Digital trust is heart of change
Breitenfeld says that behind these findings is a feeling among consumers that online providers should have better methods of passively establishing and confirming who they are. It’s not unlike the feeling of being asked for ID at a store one shops at weekly.
“A good portion of consumers will abandon a session if they feel security is becoming disproportional to the transaction,” says Breitenfeld. He said consumers feel that friction in online dealings should be reserved for risky transactions.
However, consumers aren’t the only ones who can bail out on a transaction. The survey found that six out of every ten businesses surveyed saw fraud losses exceeding or equal to levels seen in 2016. Based on this experience, many will deny transactions where they cannot be certain that the other party truly is their bona fide customer.
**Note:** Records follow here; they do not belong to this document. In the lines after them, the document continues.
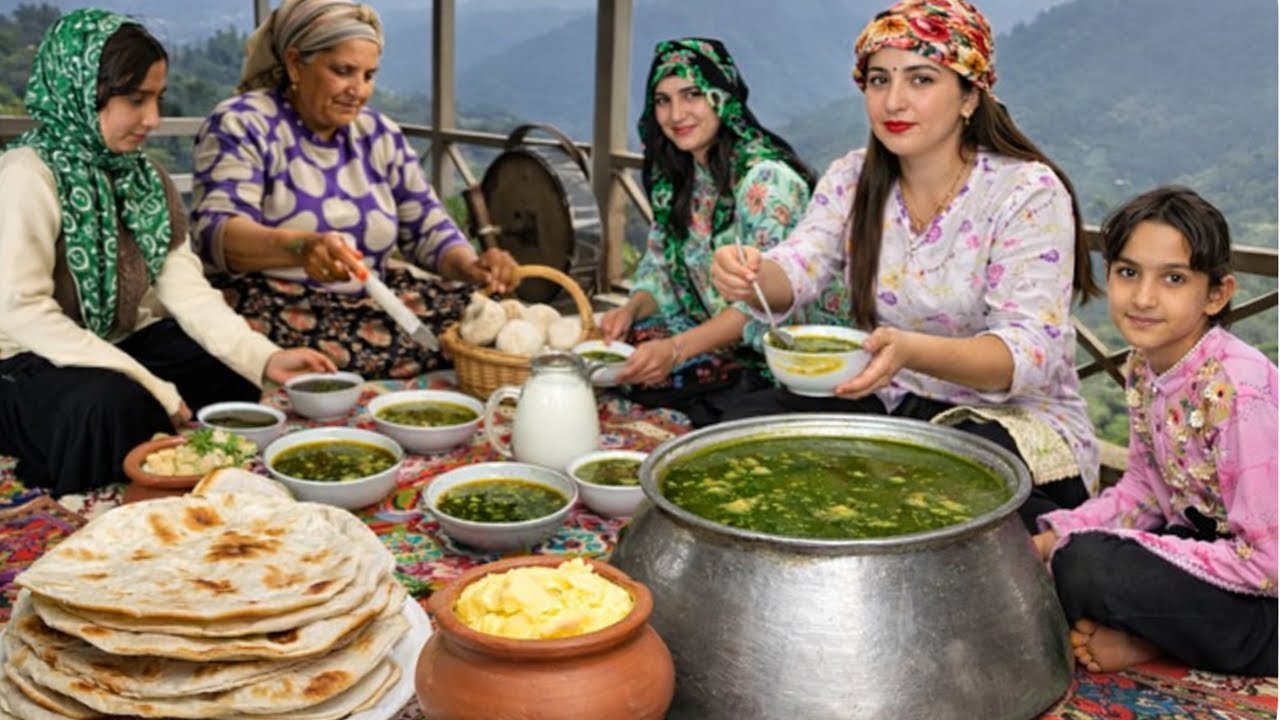 Vida en un Pueblo del Norte de Irán | Estofado Tradicional de la Abuela, Granja Lechera y Pan Casero
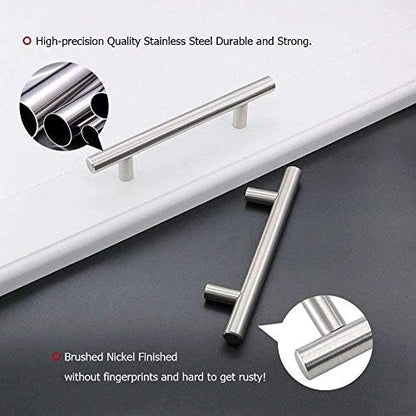 homdiy Kitchen Cabinet Pulls Cabinet Hardware -HD201BSS 1Pack 3-1/2in(90mm) Hole Centers Bathroom Cabinet Handles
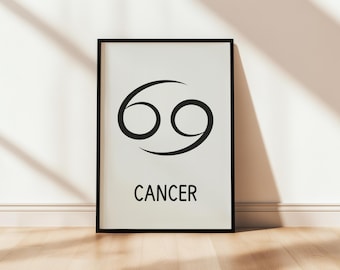 Cancer Wall Art, Aries Zodiac Print, Astrology Gifts, Aries Art, Zodiac Wall Art, Zodiac Printable, Zodiac Gift, Instant Download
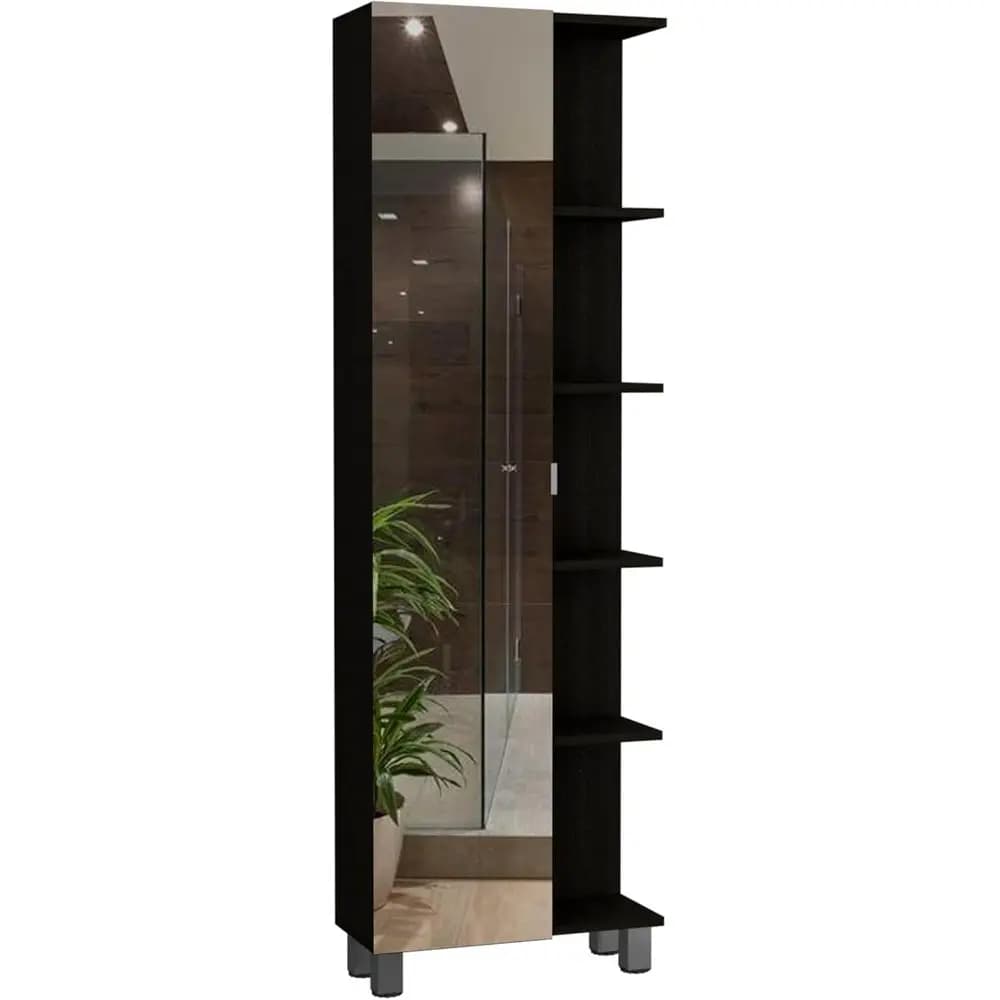 Armadio a Specchio a Una Porta con Ripiani Interni e Ampio Spazio di Stoccaggio per Bagno o Cucina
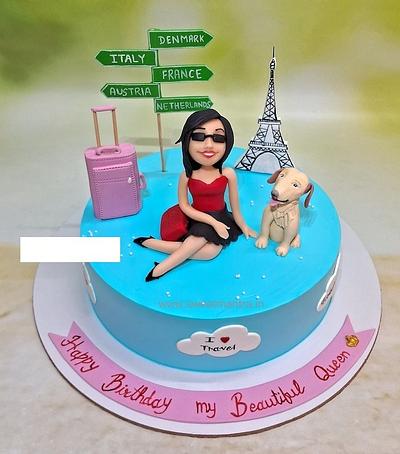 I love Travel cake for wife - Cake by Sweet Mantra Homemade Customized Cakes Pune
The challenge here is that customers believe their providers should recognize them with a minimum of friction. “It’s a very consumer-centric marketplace today,” says Breitenfeld, so providers will in the end opt for pleasing customers where they can. The problem is that executives surveyed aren’t confident in their ability to detect fraud or to verify identities passively.
“Not surprisingly,” the report states, “pragmatic business executives focus on what they can control. In a climate where businesses aren’t very confident in their ability to address the ever-moving target of fraud detection, they choose instead to focus on happy customers as simply a cost of doing business. In other words, many businesses prioritize convenience over security and have come to terms with acceptable levels of losses.”
The survey found 67% of businesses surveyed believe the cost of enabling a fraudulent transaction is higher than business lost because a legitimate transaction was declined..
Yet the latter is a concern. “69% are also concerned with the number of incorrectly declined customer transactions from overzealous fraud detection,” the report says. “That concern likely stems from the possibility of lost revenue, lost potential new customers, and a compromised experience for existing customers.”
Seeking for alternatives
The survey found that just over half of businesses surveyed felt only “somewhat confident” in their ability to detect fraudulent activity. Fraud is seen as a moving target that is difficult to keep up with. Criminals can adopt new techniques while providers work to keep up.
Overall, 75% of businesses say they would be interested in more advanced security measures and authentication techniques. However, there is a weighing of costs against benefits, even as the anti-fraud advantages of artificial intelligence and other less-intrusive means of authentication become increasingly available.
“The ability to more precisely identify the customer (versus detecting the fraud) will drive revenue,” the report states. However, it continues, there is concern that “the costs associated with more modern fraud detection would offset any gains from the incremental transactions.”